All of lore.kernel.org
 help / color / mirror / Atom feed
From: "Michael S. Tsirkin" <mst@redhat.com>
To: Alexander Graf <graf@amazon.com>
Cc: Adrian Catangiu <acatan@amazon.com>,
	linux-doc@vger.kernel.org, linux-kernel@vger.kernel.org,
	qemu-devel@nongnu.org, kvm@vger.kernel.org,
	linux-s390@vger.kernel.org, gregkh@linuxfoundation.org,
	rdunlap@infradead.org, arnd@arndb.de, ebiederm@xmission.com,
	rppt@kernel.org, 0x7f454c46@gmail.com, borntraeger@de.ibm.com,
	Jason@zx2c4.com, jannh@google.com, w@1wt.eu, colmmacc@amazon.com,
	luto@kernel.org, tytso@mit.edu, ebiggers@kernel.org,
	dwmw@amazon.co.uk, bonzini@gnu.org, sblbir@amazon.com,
	raduweis@amazon.com, corbet@lwn.net, mhocko@kernel.org,
	rafael@kernel.org, pavel@ucw.cz, mpe@ellerman.id.au,
	areber@redhat.com, ovzxemul@gmail.com, avagin@gmail.com,
	ptikhomirov@virtuozzo.com, gil@azul.com, asmehra@redhat.com,
	dgunigun@redhat.com, vijaysun@ca.ibm.com, oridgar@gmail.com,
	ghammer@redhat.com
Subject: Re: [PATCH v7 1/2] drivers/misc: sysgenid: add system generation id driver
Date: Wed, 24 Feb 2021 17:41:59 -0500	[thread overview]
Message-ID: <20210224173205-mutt-send-email-mst@kernel.org> (raw)
In-Reply-To: <d63146a9-a3f8-14ea-2b16-cb5b3fe7aecf@amazon.com>

On Wed, Feb 24, 2021 at 02:45:03PM +0100, Alexander Graf wrote:
> > Above should try harder to explan what are the things that need to be
> > scrubbed and why. For example, I personally don't really know what is
> > the OpenSSL session token example and what makes it vulnerable. I guess
> > snapshots can attack each other?
> > 
> > 
> > 
> > 
> > Here's a simple example of a workflow that submits transactions
> > to a database and wants to avoid duplicate transactions.
> > This does not require overseer magic. It does however require
> > a correct genid from hypervisor, so no mmap tricks work.
> > 
> > 
> > 
> >          int genid, oldgenid;
> >          read(&genid);
> > start:
> >          oldgenid = genid;
> >          transid = submit transaction
> >          read(&genid);
> >          if (genid != oldgenid) {
> >                          revert transaction (transid);
> >                          goto start:
> >          }
> 
> I'm not sure I fully follow. For starters, if this is a VM local database, I
> don't think you'd care about the genid.

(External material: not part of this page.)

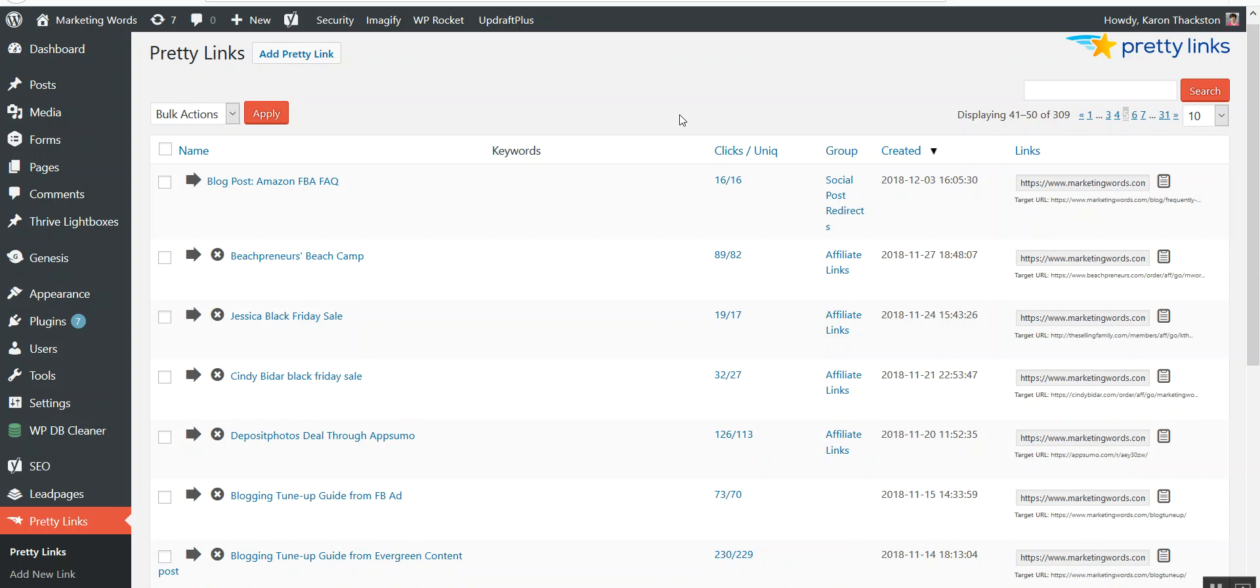When I look in here, I can see the clicks - the total clicks and the unique clicks - in my Pretty Links control panel.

If it's a remote database, your
> connection would get dropped already at the point when you clone/resume,
> because TCP and your connection state machine will get really confused when
> you suddenly have a different IP address or two consumers of the same stream
> :).
>
> But for the sake of the argument, let's assume you can have a connectionless
> database connection that maintains its own connection uniqueness logic.

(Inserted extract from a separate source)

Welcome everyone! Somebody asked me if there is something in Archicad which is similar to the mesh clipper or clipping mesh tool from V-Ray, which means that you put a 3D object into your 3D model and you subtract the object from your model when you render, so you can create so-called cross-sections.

Right. E.g. not uncommon with REST APIs. They survive disconnect easily
and use cookies or such.

> That
> database connector would need to understand how to abort the connection (and
> thus the transaction!) when the generation changes.

the point is that instead of all that you discover transaction as
a duplicate and revert it.


> And that's logic you
> would do with the read/write/notify mechanism. So your main loop would check
> for reads on the genid fd and after sending a connection termination, notify
> the overlord that it's safe to use the VM now.
> 
> The OpenSSL case (with mmap) is for libraries that are stateless and can not
> guarantee that they receive a genid notification event timely.
> 
> Since you asked, this is mainly important for the PRNG. Imagine an https
> server. You create a snapshot. You resume from that snapshot. OpenSSL is
> fully initialized with a user space PRNG randomness pool that it considers
> safe to consume. However, that means your first connection after resume will
> be 100% predictable randomness wise.

I wonder whether something similar is possible here. I.e. use the secret
to encrypt stuff but check the gen ID before actually sending data.
If it changed re-encrypt. Hmm?

> 
> The mmap mechanism allows the PRNG to reseed after a genid change. Because
> we don't have an event mechanism for this code path, that can happen minutes
> after the resume. But that's ok, we "just" have to ensure that nobody is
> consuming secret data at the point of the snapshot.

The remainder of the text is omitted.